Network considerations for IBM Storage Ceph

An important aspect of a cloud storage solution is that storage clusters can run out of IOPS due to network latency, and other factors. The storage cluster can run out of throughput due to bandwidth constraints long before the storage clusters run out of storage capacity. As a result, the network hardware configuration must support the chosen workloads to meet price versus performance requirements.

Storage administrators prefer that a storage cluster recovers as quickly as possible. Carefully consider bandwidth requirements for the storage cluster network, be mindful of network link oversubscription, and separate the intra-cluster traffic from the client-to-cluster traffic. Network performance is increasingly important when considering the use of Solid State Disks (SSD), flash, NVMe, and other high performing storage devices.

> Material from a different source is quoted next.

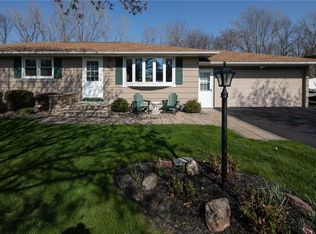756 Flynn Rd, Rochester, NY 14612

Ceph supports a public network and a storage cluster network. The public network handles client traffic and communication with Ceph Monitors. The storage cluster network handles Ceph OSD heartbeats, replication, backfilling, and recovery traffic. Use a minimum of a single 10 Gb/s Ethernet link for storage hardware, and another 10 Gb/s Ethernet links can be added for connectivity and throughput.
Important:
  • Allocate bandwidth to the storage cluster network, such that it is a multiple of the public network by using the osd_pool_default_size parameter as the basis for the multiple on replicated pools. Run the public and storage cluster networks on separate network cards.
  • Use 10 Gb/s Ethernet for IBM Storage Ceph deployments in production. A 1 Gb/s Ethernet network is not suitable for production storage clusters.

In the case of a drive failure, replicating 1 TB of data across a 1 Gb/s network takes 3 hours and replicating 10 TB across a 1 Gb/s network takes 30 hours. Using 10 TB is the typical drive configuration. By contrast, with a 10 Gb/s Ethernet network, the replication times would be 20 minutes for 1 TB and 1 hour for 10 TB.

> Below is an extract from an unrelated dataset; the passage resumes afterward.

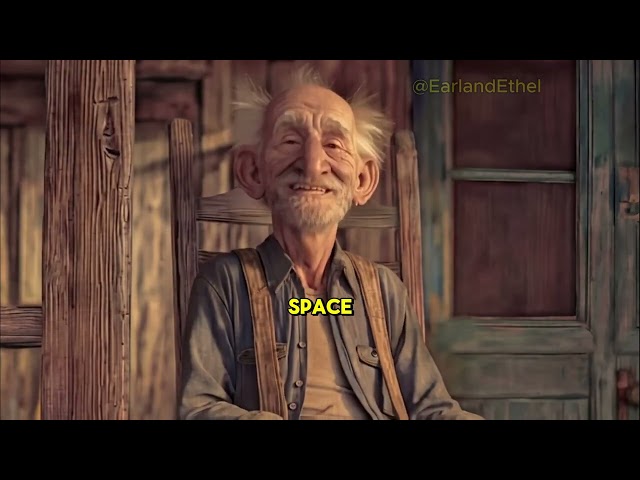 Earl vs NASA Kitchen Equipment (Air Fryer Rant)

Note: When a Ceph OSD fails, the storage cluster recovers by replicating the data that it contained to other Ceph OSDs within the pool.

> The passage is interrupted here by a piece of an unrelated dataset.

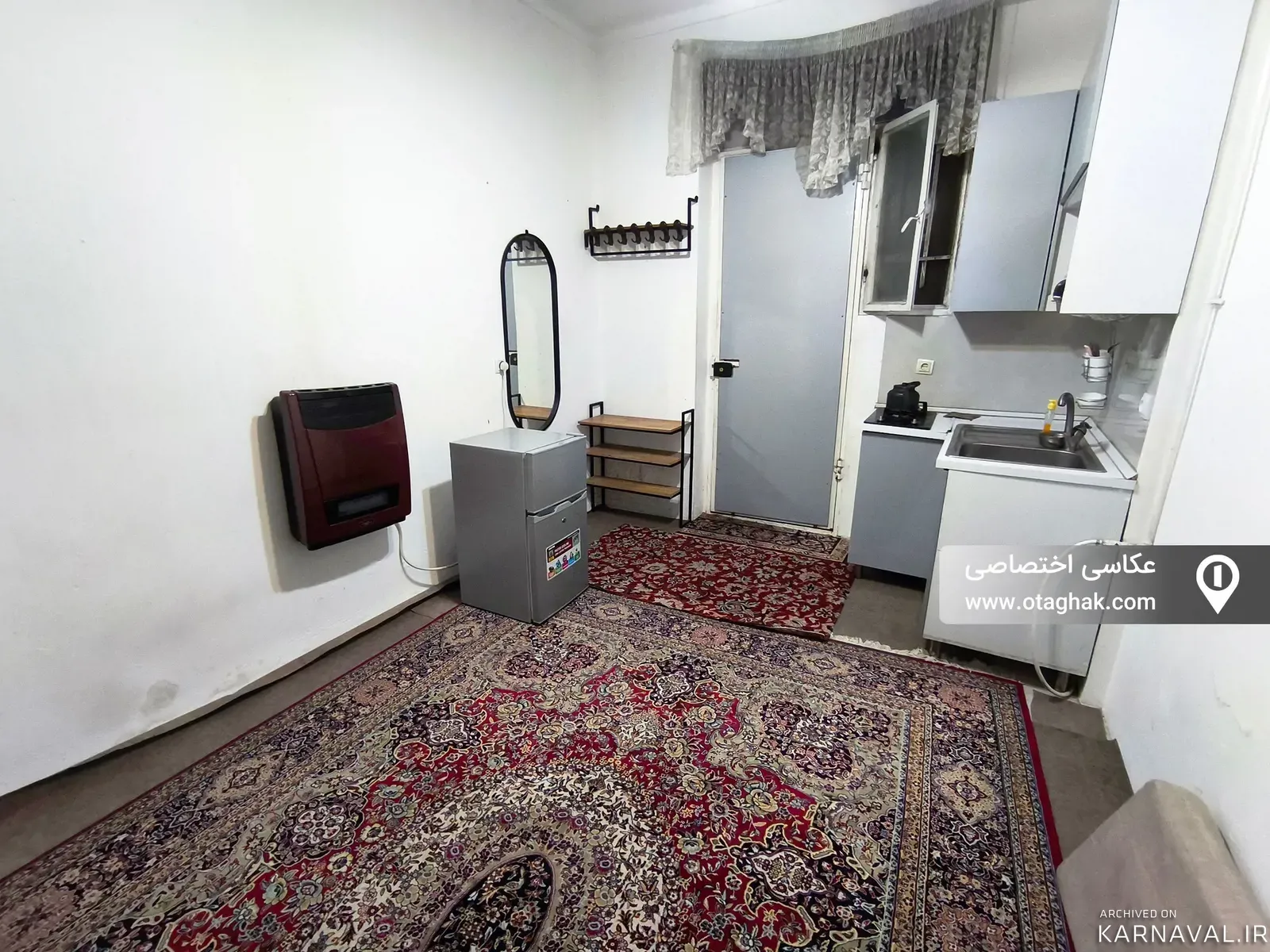 سوییت موسوی (2) شیراز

The failure of a larger domain such as a rack means that the storage cluster uses considerably more bandwidth. When building a storage cluster consisting of multiple racks, which is common for large storage implementations, consider using as much network bandwidth between switches in a "fat tree" design for optimal performance. A typical 10 Gb/s Ethernet switch has 48 10 Gb/s ports and four 40 Gb/s ports. Use the 40 Gb/s ports on the spine for maximum throughput. Alternatively, consider aggregating unused 10 Gb/s ports with QSFP+ and SFP+ cables into more 40 Gb/s ports to connect to other rack and spine routers. LACP mode 4 can be used to bond network interfaces. Use jumbo frames with a maximum transmission unit (MTU) of 9000, especially on the backend or cluster network.

Before installing and testing an IBM Storage Ceph cluster, verify the network throughput. Most performance-related problems in Ceph usually begin with a networking issue. Simple network issues like a kinked or bent Cat-6 cable could result in degraded bandwidth. Use a minimum of 10 Gb/s Ethernet for the front side network. For large clusters, consider using 40 Gb/s ethernet for the backend or cluster network.
Important: For network optimization, use jumbo frames for a better CPU per bandwidth ratio, and a non-blocking network switch back-plane. IBM Storage Ceph requires the same MTU value throughout all networking devices in the communication path, end-to-end for both public and cluster networks. Verify that the MTU value is the same on all hosts and networking equipment in the environment before using an IBM Storage Ceph cluster in production.